Training AI Models Lessons from Human Infants

[Xin Zhi Yuan Summary] In order to train AI models, professor Brenden Lake from the State University of New York let his daughter, who is under 2 years old, wear a camera to collect data! It's worth noting that Meta training Llama3 directly used 15 trillion tokens. If Lake can really train AI models to learn from human infants and learn from limited inputs, wouldn't it solve the global data shortage of LLM?

To train AI models, a professor from the State University of New York actually tied a camera similar to GoPro to his daughter's head!

Although it sounds unbelievable, the professor's behavior is actually justified.

To train the complex neural networks behind LLM, massive data is needed.

Is the current process of training LLM the most concise and efficient way?

Definitely not! Scientists have found that human children who are learning to walk, their brains are like sponges absorbing water, and can quickly form a coherent worldview.

Although LLM has amazing performances, over time, human children will be smarter and more creative than the model!

Secret of Children Mastering Language

How to train LLM better?

When scientists were at a loss, human infants enlighten them --

Their way of learning language can be described as masters of language acquisition.

We all know such stories: throw a young child into a country with a completely different language and culture, and in a few months, their mastery of the local language may approach native level.

And large language models seem to be left behind.

First of all, they consume too much data!

Nowadays, major companies training models have almost drained all the data in the world. Because LLM learning requires astronomical level of text mined from the Internet and various places.

To make them master a language, they need to be fed tens of trillions of words.

Secondly, smashing so much data into the models does not necessarily make them learn accurately.

Many LLM outputs predict the next word with a certain degree of accuracy. And this kind of accuracy is becoming more and more unsettling.

In sharp contrast, children do not need so much experience to learn to fluently use a language.

Brenden Lake, a psychologist at the State University of New York who studies human and AI, has paid attention to this.

He decided to conduct an experiment with his 1-year-and-9-month-old daughter Luna.
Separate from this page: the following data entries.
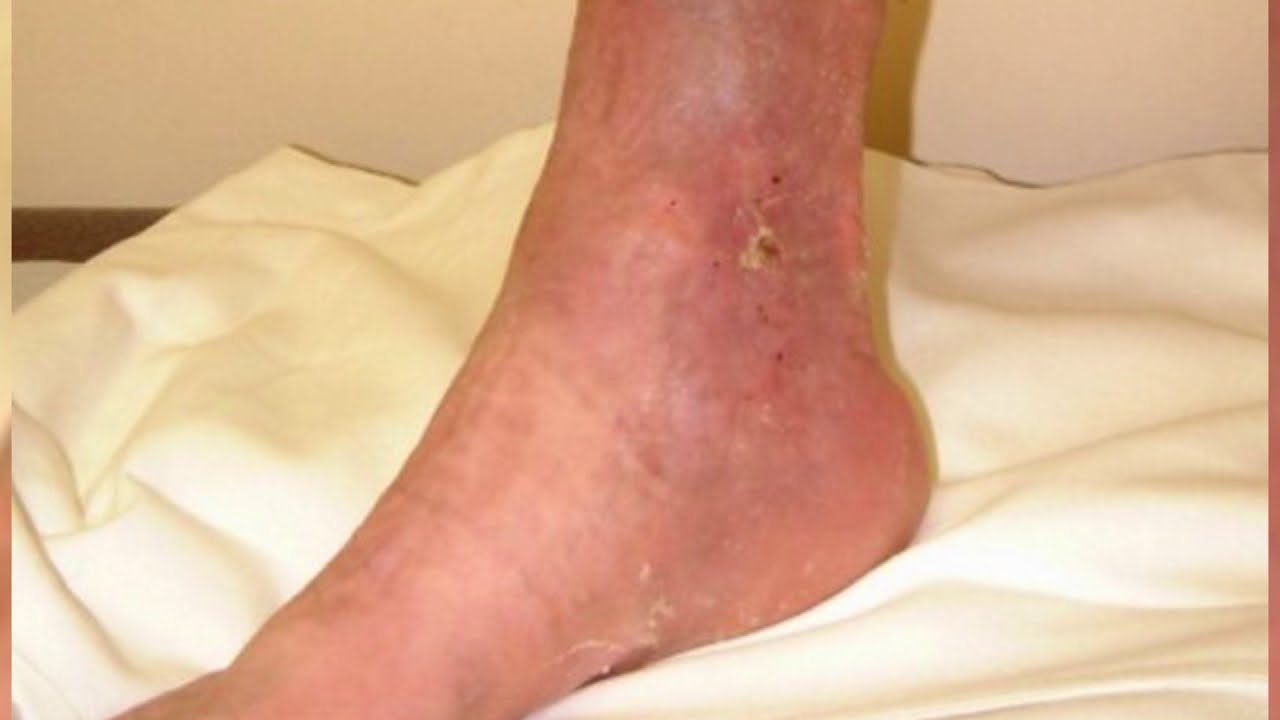 symptoms of deep vein thrombosis in leg symptoms of deep vein thrombosis in leg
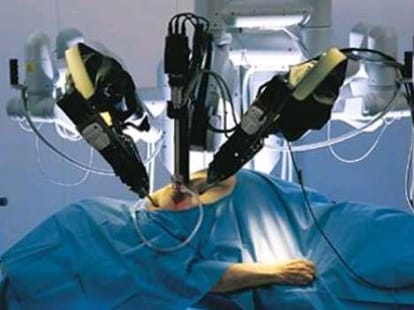 good news, robotic surgery in PGI cheaper
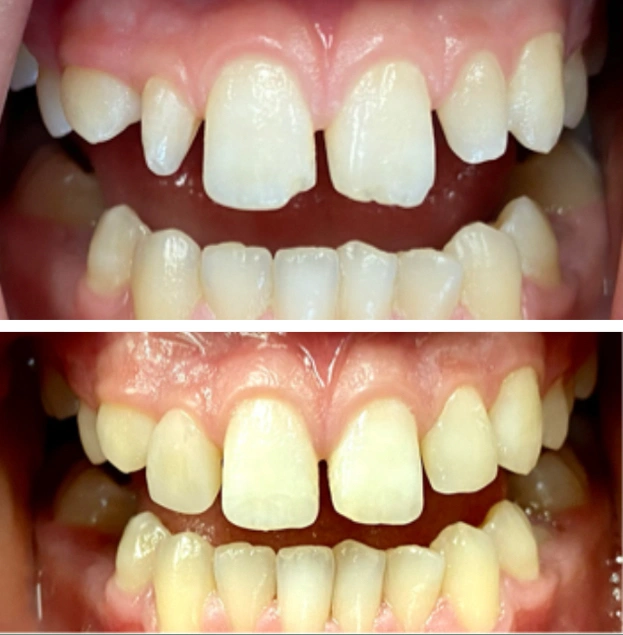 Before and after dental whitening treatment showing tooth color improvement from yellow to bright white.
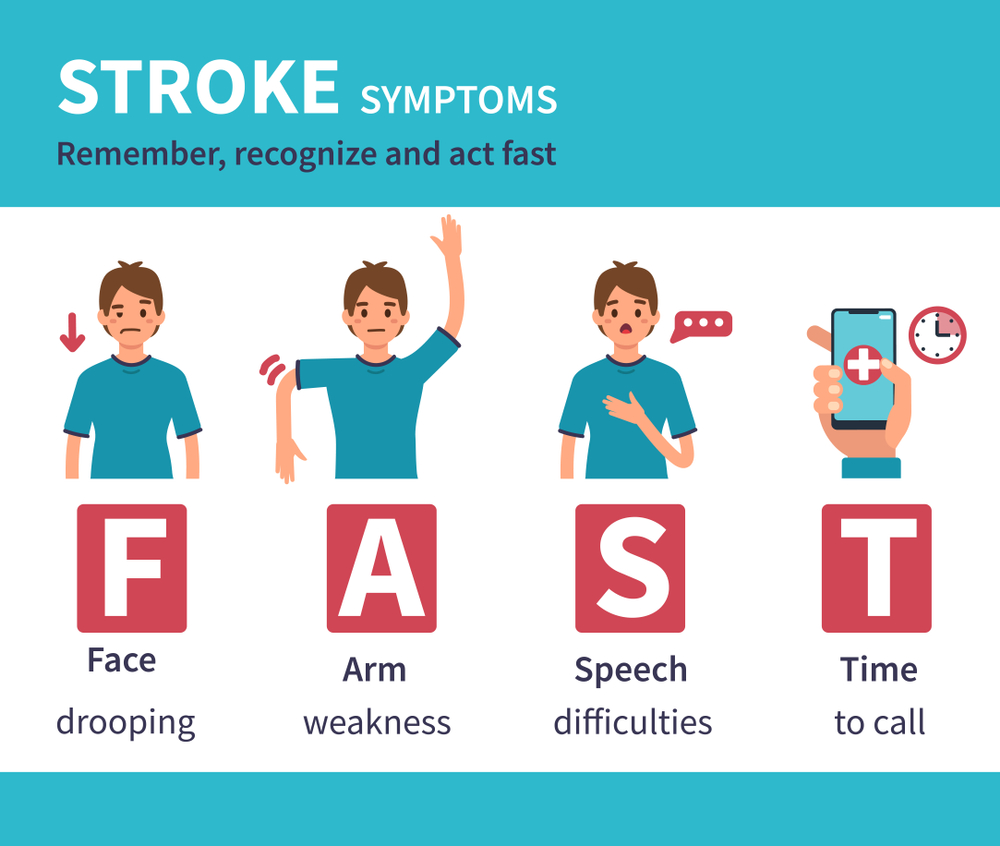 Facts about strokes are not always well known. The acronym FAST, as shown in this diagram, can help you recognize the signs of a stroke and act immediately. FAST stands for Face, Arms, Speech, Time.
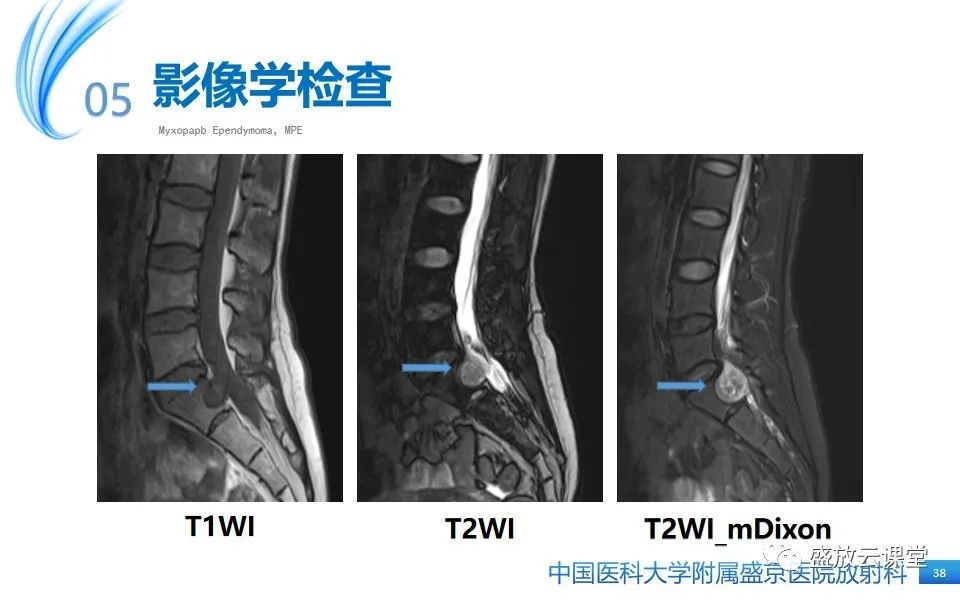 影像PPT - 【PPT】圆锥马尾型粘液乳头型室管膜瘤-38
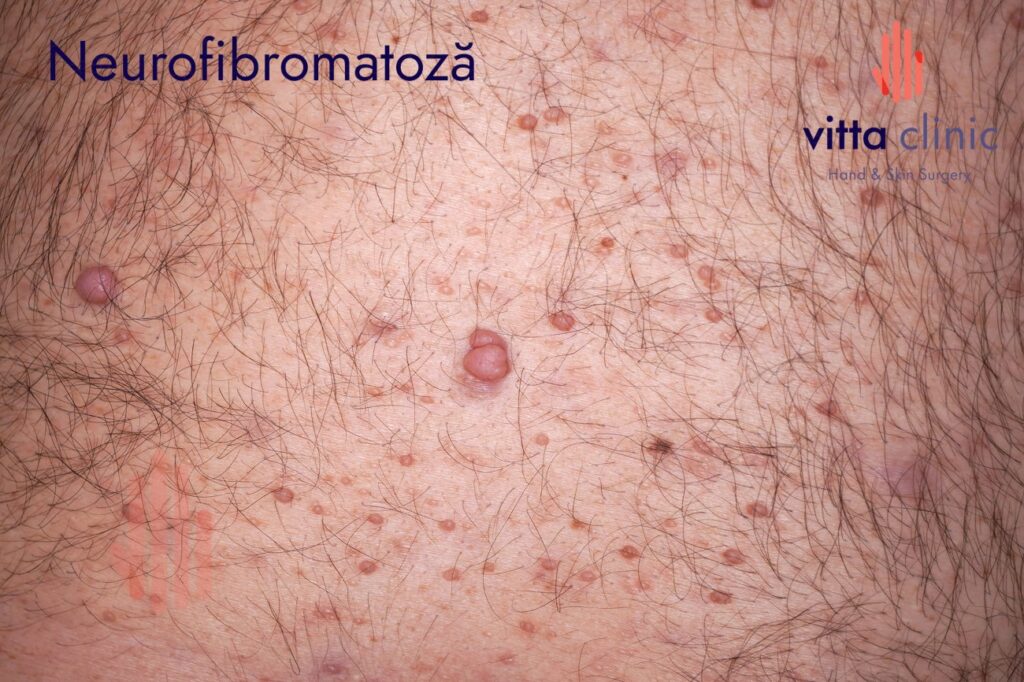 Neurofibromul și neurofibromatoza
For the past 11 months, Lake has had Luna wear a camera for an hour every week to record videos of her playing from her perspective.

Through the videos shot by Luna's camera, Lake hopes to train the model by using the same data that children are exposed to.

Tie a GoPro to the toddler's body

Although language experts and child experts have not reached a consensus on how children actually acquire language, Lake is very confident that the key to making LLM more efficient lies in children's learning patterns!

Therefore, Lake launched a research project: studying the stimuli that children go through when learning their first sentence in order to improve the efficiency of training LLM.

For this purpose, Lake's team needs to collect video and audio data from 25 children from across the United States.

This leads to the scene at the beginning of the article - they tied a camera similar to GoPro to the heads of these children, including Lake's daughter Luna.

Lake explained that their model tries to connect video clips from the child's perspective to what the caregiver says in a way similar to how OpenAI's Clip model connects annotations with images.

Clip can take images as input and output a descriptive annotation based on the training data of image-annotation pairs.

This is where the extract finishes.